I want to talk about these accents. I feel like Southern, New Orleans accents are the easiest to slip into parody if done poorly. What sort of work did you put into finding the accent you would use in this?
Vikander: Well, especially being foreign, English is not my first language, that idea of Southern accents, I was afraid of it becoming-- I didn't want Kathy to become a caricature of a Southern belle. As soon as we knew we were going to make the film, I jumped on a plane to New Orleans. I got the chance to spend some time there before we actually started to shoot and was able to listen as much as I possibly could to people. I remember I was out, and I asked two people in a bar, "Where are you from? And where are you from? Because to me, you sound completely different." And I realized how many different accents exist within that city. It's so vast. So within that, I started to pin down, I was like, "Well, I want her to of course have a Louisiana accent, but I want to find something that is not overpowering the performance and the character itself." But yeah, I was nervous, because Justin came with already the perfect accent.

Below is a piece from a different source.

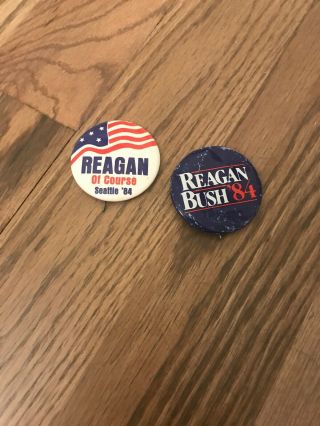1984 Ronald Reagan Bush Vintage Pins Buttons Seattle Republican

Chon: No, no! That's because I'm still so bad accents. It takes me so long, that I had to just pound it and pound it and pound it and work on it so hard to get it authentic. It's incredible, I feel like Alicia can turn it on and off. I cannot. I'm not as skilled, so I just had to live in it. But it's like Alicia said, it's really vast and diverse in all the different kinds of accents that exist in Louisiana and New Orleans. It's just about what specific person you're modeling it after and what is your socioeconomic status-- There's so many things involved. I definitely tried to make it specific. But you're right. It can come off, if done poorly, very sort of stereotypical and comical.
And Alicia, you not only have to speak in the accent, you sing. [In one scene, she's asked to perform an impromptu rendition of Ronstadt's "Blue Bayou."]
Vikander: Actually, that's sometimes easier. If you imagine like foreign singers, when you listen to them sing, you very often can't hear that they're foreign. And then you see them in an interview and you're like, "Oh! That's a very heavy accent!" Or maybe their English is not that good. So, actually sometimes the singing helps, because you find vowels easier in your mouth by singing. I've even done accents when my dialect coach forces me to sing lines, because it actually makes my brain kind of connect better with finding whatever vowels you're using.
You are a wonderful singer. If you want to record an album, I'll buy it.
Vikander: [Laughs] I loved it, but it was nerve-racking. It's a beautiful song. It's just not very easy. I even forced Justin to [sing it] to prove my point. I met him in Hawaii where he was editing the film and I was there by chance too, and we went to a karaoke and I made him sing it.
Chon: It's a very hard song! [Laughs] It's a very tough ask that I asked her to do.
Vikander: But I loved it! Because I told him and then you, like, quit halfway through and just turned and said, "OK, it's very difficult." And I was like, yes!
Chon: It is very difficult!
Blue Bayou is in theaters on Sept. 17.